Brandon Visser did his country and hometown of Stellenbosch proud when he risked his life to rescue a woman from drowning in London.

This month Stellenbosch University (SU) alumnus Brandon Visser will quietly commemorate the day a year ago when he jumped into the River Thames near London Bridge to save a drowning woman.

For this selfless act, he was recently awarded a bronze medal by the Royal Humane Society, a British charity that grants awards for acts of bravery in the saving of human life.

Mr Visser, who had been preparing for a marathon at the time, was 16km into a 30km training run when he saw a crowd on the bridge staring at a woman in the water.

“I had never run that route before, so it seemed like fate, like maybe I was meant to be there,” he recalls. A man asked him if he could help and he had a very short time to make a huge decision – was he going to try and save the woman, or was he going to watch her drown?

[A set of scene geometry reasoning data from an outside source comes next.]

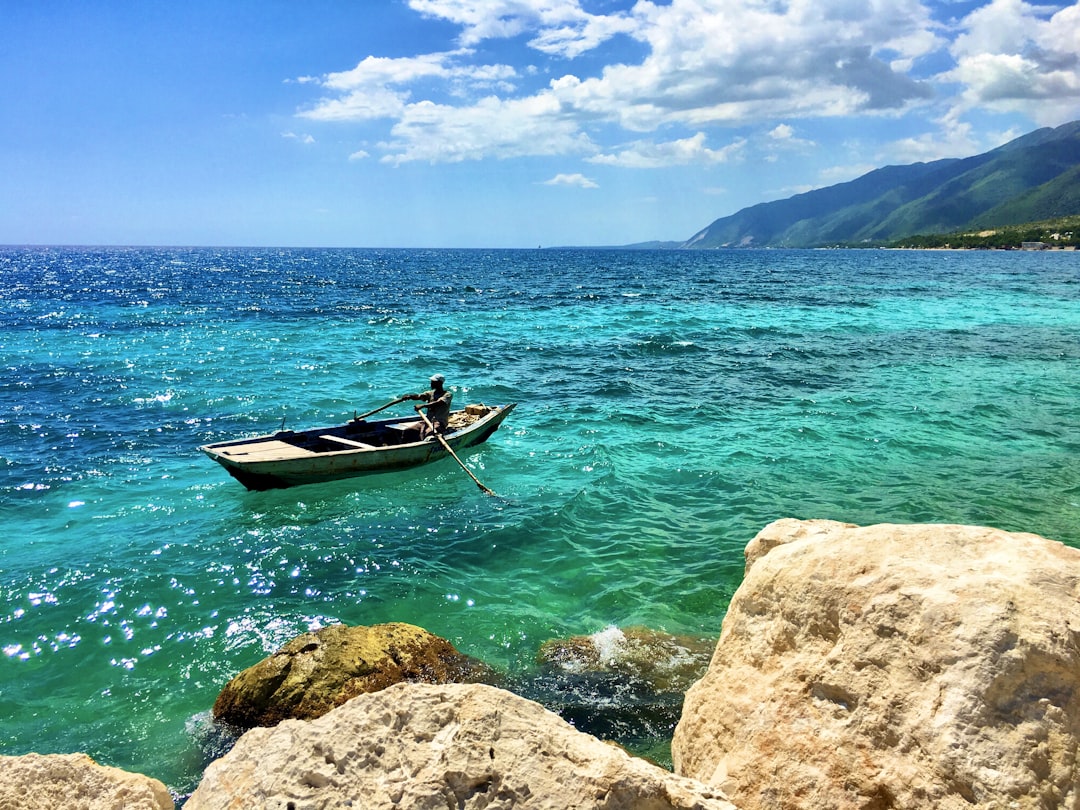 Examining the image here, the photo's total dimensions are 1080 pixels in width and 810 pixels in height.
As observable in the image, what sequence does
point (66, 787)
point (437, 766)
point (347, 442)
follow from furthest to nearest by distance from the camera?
1. point (347, 442)
2. point (66, 787)
3. point (437, 766)

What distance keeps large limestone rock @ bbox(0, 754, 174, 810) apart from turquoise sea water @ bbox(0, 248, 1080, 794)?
306 centimetres

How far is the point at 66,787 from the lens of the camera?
3.91 metres

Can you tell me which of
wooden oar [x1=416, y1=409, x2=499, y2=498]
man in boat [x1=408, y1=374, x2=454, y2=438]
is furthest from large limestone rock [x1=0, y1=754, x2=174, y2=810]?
man in boat [x1=408, y1=374, x2=454, y2=438]

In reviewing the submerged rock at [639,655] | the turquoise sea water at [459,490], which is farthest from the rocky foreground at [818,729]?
the turquoise sea water at [459,490]

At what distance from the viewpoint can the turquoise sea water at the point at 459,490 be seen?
9320 millimetres

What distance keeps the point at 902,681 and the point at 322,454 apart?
1252 centimetres

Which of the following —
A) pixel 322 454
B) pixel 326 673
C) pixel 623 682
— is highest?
pixel 322 454

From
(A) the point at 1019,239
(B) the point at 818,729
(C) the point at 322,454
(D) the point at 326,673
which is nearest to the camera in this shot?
(B) the point at 818,729

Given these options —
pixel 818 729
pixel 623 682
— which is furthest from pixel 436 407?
pixel 818 729

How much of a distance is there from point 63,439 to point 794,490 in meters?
18.5

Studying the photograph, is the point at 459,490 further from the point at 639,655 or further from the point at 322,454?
the point at 639,655

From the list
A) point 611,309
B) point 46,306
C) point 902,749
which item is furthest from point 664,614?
point 46,306

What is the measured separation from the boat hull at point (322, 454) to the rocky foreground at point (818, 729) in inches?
419

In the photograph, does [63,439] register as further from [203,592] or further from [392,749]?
[392,749] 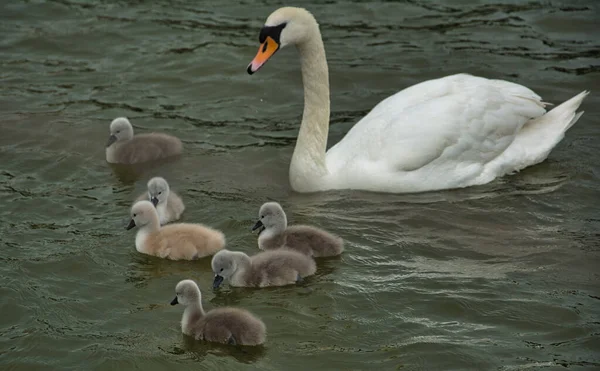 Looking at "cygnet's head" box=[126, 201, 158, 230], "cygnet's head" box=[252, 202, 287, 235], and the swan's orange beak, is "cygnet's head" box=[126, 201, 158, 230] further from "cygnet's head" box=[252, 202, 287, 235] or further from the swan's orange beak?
the swan's orange beak

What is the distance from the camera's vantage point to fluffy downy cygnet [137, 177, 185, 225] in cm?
1020

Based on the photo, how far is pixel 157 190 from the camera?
402 inches

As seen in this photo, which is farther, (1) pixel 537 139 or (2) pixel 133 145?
(2) pixel 133 145

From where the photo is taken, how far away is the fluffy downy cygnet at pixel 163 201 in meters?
10.2

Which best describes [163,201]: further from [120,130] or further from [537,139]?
[537,139]

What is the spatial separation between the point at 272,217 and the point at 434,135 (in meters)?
2.18

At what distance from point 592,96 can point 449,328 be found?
6.23 meters

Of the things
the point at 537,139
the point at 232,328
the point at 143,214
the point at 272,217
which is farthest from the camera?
the point at 537,139

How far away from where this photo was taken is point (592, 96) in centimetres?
1356

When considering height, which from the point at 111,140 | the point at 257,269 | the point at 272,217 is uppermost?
the point at 111,140

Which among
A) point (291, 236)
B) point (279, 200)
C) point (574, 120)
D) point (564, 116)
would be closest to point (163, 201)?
point (279, 200)

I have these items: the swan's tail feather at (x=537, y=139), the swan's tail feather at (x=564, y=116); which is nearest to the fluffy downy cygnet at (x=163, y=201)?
the swan's tail feather at (x=537, y=139)

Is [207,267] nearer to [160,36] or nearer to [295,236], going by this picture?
[295,236]

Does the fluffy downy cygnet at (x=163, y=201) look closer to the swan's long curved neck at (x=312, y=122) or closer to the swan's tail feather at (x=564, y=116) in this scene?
A: the swan's long curved neck at (x=312, y=122) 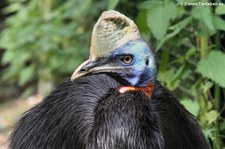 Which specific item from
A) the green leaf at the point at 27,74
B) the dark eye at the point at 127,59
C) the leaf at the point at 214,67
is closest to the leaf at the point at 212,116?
the leaf at the point at 214,67

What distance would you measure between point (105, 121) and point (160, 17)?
1.26m

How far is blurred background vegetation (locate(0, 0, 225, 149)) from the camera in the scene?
4.70 m

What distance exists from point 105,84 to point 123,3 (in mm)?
3084

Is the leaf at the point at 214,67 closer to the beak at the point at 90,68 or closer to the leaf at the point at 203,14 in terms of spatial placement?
the leaf at the point at 203,14

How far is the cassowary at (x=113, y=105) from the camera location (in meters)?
3.57

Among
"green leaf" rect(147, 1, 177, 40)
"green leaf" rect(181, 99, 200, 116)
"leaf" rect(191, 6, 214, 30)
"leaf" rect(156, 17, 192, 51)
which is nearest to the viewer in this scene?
"leaf" rect(191, 6, 214, 30)

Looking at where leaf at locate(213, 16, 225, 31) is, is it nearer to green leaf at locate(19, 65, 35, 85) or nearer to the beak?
the beak

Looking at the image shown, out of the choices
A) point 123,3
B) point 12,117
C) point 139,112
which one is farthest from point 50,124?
point 12,117

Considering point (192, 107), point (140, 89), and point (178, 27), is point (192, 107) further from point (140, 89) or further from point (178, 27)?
point (140, 89)

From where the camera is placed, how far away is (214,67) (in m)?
4.66

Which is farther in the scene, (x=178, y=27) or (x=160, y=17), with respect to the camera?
(x=178, y=27)

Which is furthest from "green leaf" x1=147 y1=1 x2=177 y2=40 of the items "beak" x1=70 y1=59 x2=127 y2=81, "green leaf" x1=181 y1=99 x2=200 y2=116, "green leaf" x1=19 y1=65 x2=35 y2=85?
"green leaf" x1=19 y1=65 x2=35 y2=85

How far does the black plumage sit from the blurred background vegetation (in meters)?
0.63

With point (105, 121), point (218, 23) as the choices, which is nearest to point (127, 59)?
point (105, 121)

Having played competitive water polo for both Paul Roos Gymnasium and Maties in his hometown of Stellenbosch, Mr Visser is an experienced swimmer with knowledge of water rescue.

“I realised that I was probably her best chance,” he said.

It did, however, cross his mind that the waters of the Thames are quite treacherous and that a man had drowned in the exact same spot a few weeks before after attempting a similar rescue.

Nevertheless, he decided to jump. Unfortunately, the place where he entered the water was quite shallow, and he hit submerged rocks not even two meters below the surface, breaking his foot in multiple places, tearing his meniscus as well as his PCL ligament in his knee and suffering severe bone contusions and lacerations on his feet.

Still, he swam to where the woman had last been seen.

“People were pointing to me where she had gone under, and I managed to find her and pull her up. I was so relieved that she was still alive. She was very stressed and shaken and immediately started to struggle. I was expecting that, but it made it very hard.”

He managed to swim to the shore, and they were both taken to hospital.

Although he knows the woman survived, he has not heard from her since. “I also don’t expect to hear from her, but I hope she’s well.”

After the rescue, he spent 4-5 months on crutches and has been focusing on recovery and rehabilitation ever since. He hopes to be able to complete a half marathon on the anniversary of the rescue.

He described the awards ceremony as a very special event. “It was a real honour to be there and receive this award from Princess Alexandra. It’s not every day that you get to meet the queen’s cousin. There were some amazing stories of people being selfless and putting their lives at risk to save others. So, I felt it was a great thing to be a part of.”

He is often asked whether he would do the same thing again. “My answer is definitely yes. You can’t put a price on someone’s life.”

Mr Visser obtained his BCom (Statistics) degree from SU in 2012 and moved to London in 2019 where he works in financial technology in the data and analytics space.